### [Work to complete]
Repeat the entries exactly, and do not carry the pictures over.

Recorded data
▼▼▼

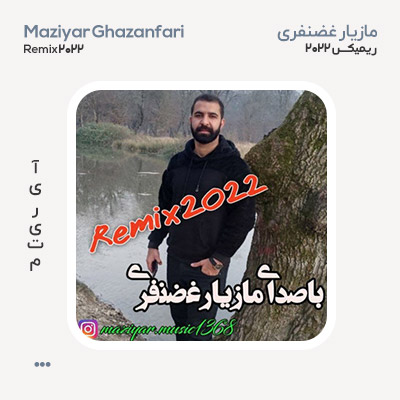 مازیار غضنفری ریمیکس 2022
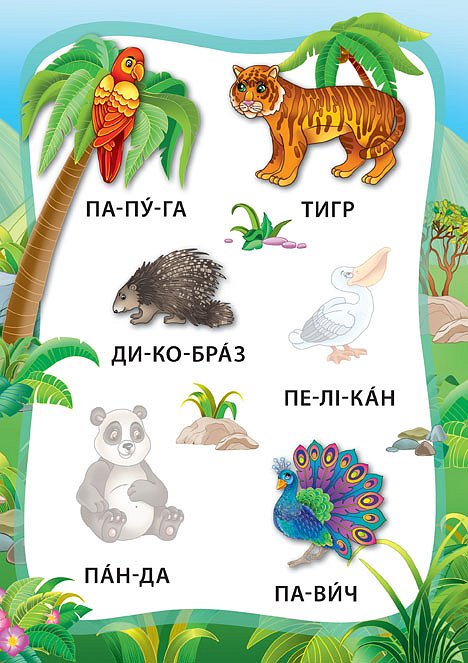 Книжка А5 "Книжка з наліпками. Я читаю по складах. Тварини" №5792/УЛА/(30) — фото 4
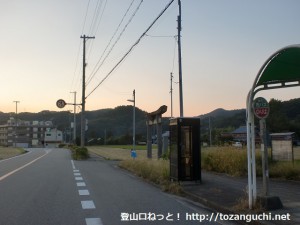 丹生神社前バス停（神戸市バス）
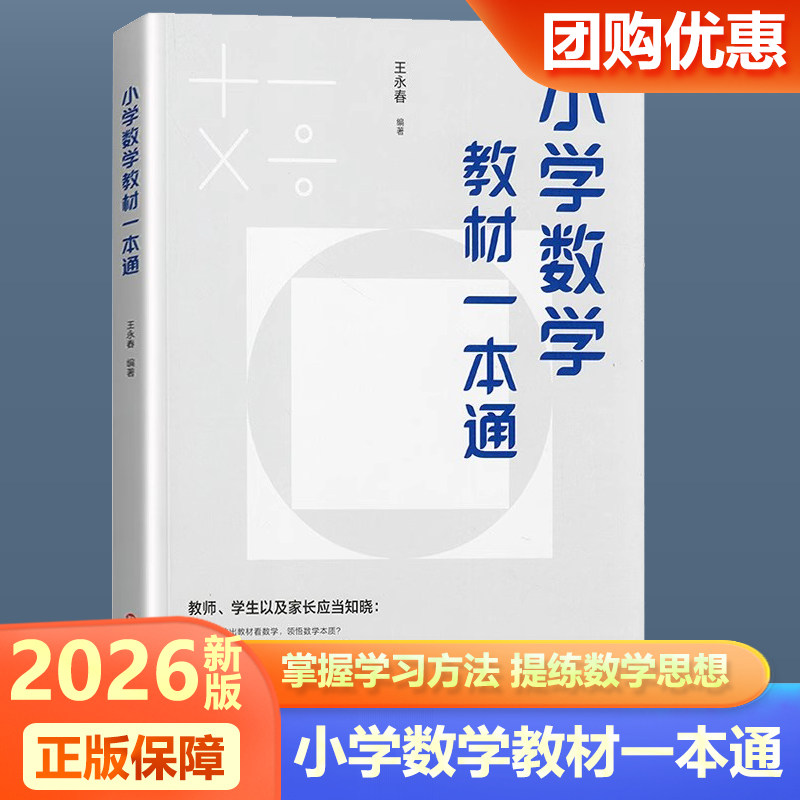 2026新版小学数学教材一本通王永春编著小学数学一本通小学数学自学教材数学思想方法导引小学数学教学教参用书华东师范大学出版社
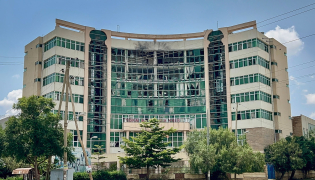 A general view of the damaged building housing Tigray TV, the state broadcaster of Ethiopia's Tigray region, following a drone strike in Mekelle on September 27, 2026. (Photo by AFP)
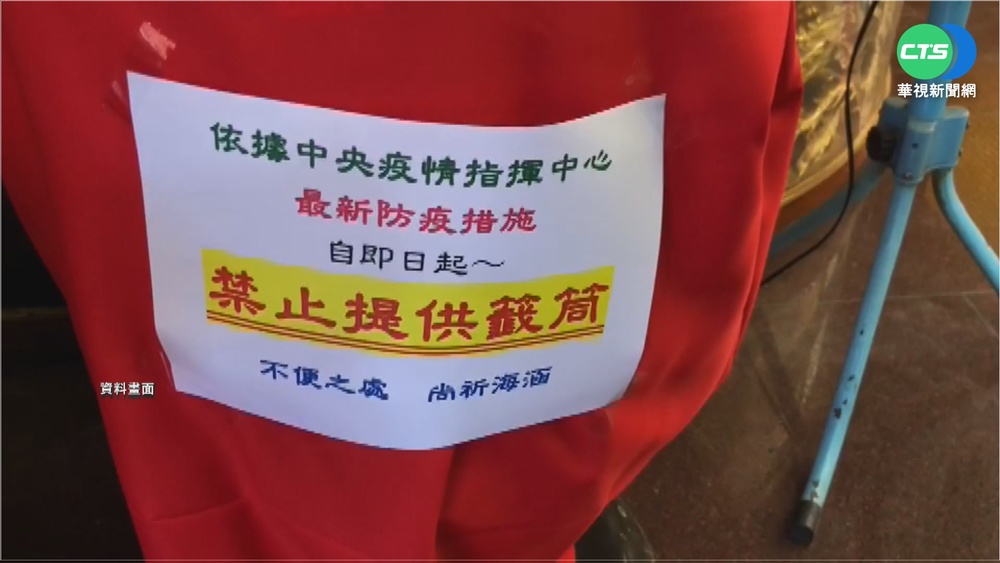 聖母廟暫緩搶春牛 天后宮擲筊戴手套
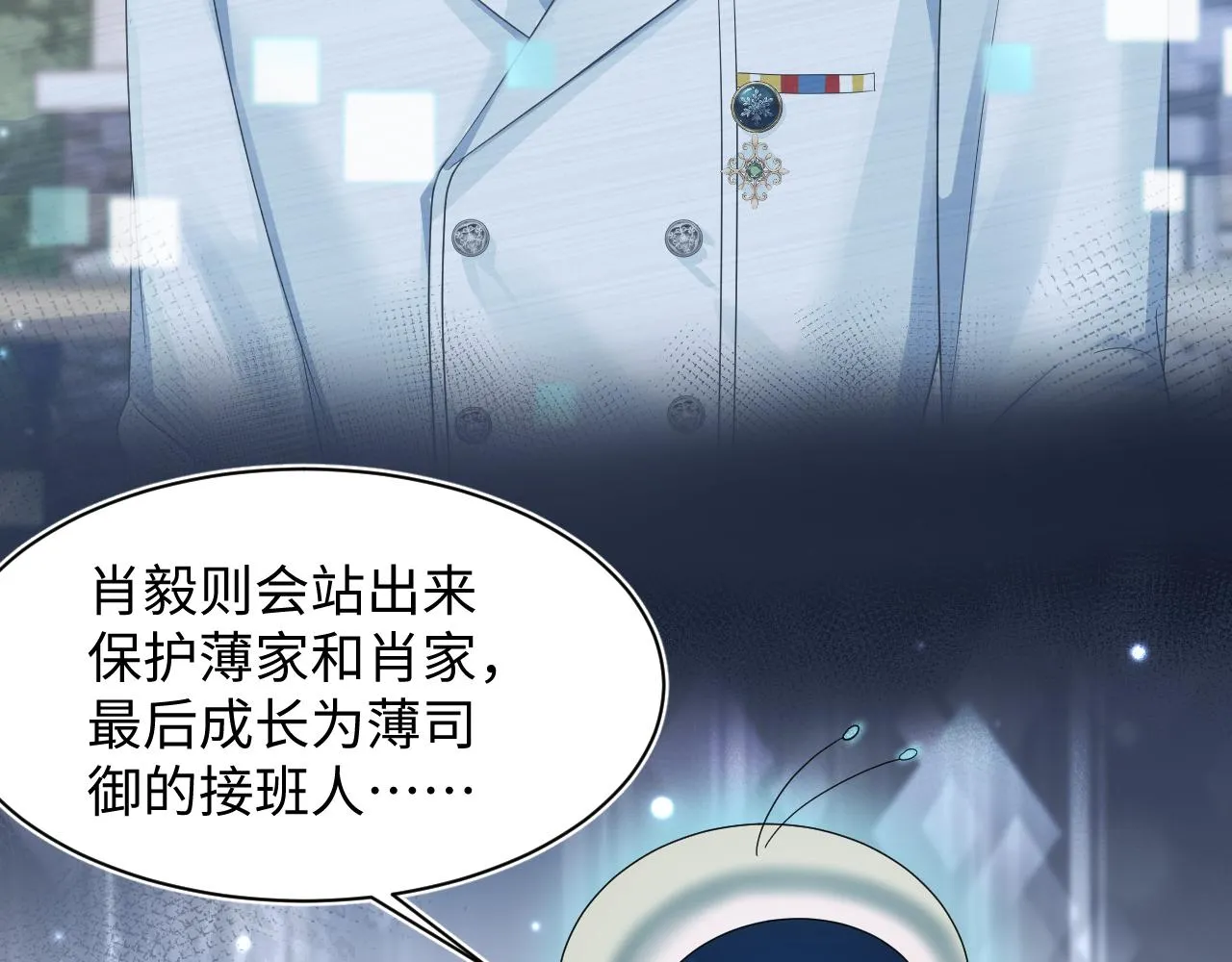 第144话 薄司御失踪 第30页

▲▲▲

### [Answer area]
 مازیار غضنفری ریمیکس 2022
 Книжка А5 "Книжка з наліпками. Я читаю по складах. Тварини" №5792/УЛА/(30) — фото 4
 丹生神社前バス停（神戸市バス）
 2026新版小学数学教材一本通王永春编著小学数学一本通小学数学自学教材数学思想方法导引小学数学教学教参用书华东师范大学出版社
 A general view of the damaged building housing Tigray TV, the state broadcaster of Ethiopia's Tigray region, following a drone strike in Mekelle on September 27, 2026. (Photo by AFP)
 聖母廟暫緩搶春牛 天后宮擲筊戴手套
 第144话 薄司御失踪 第30页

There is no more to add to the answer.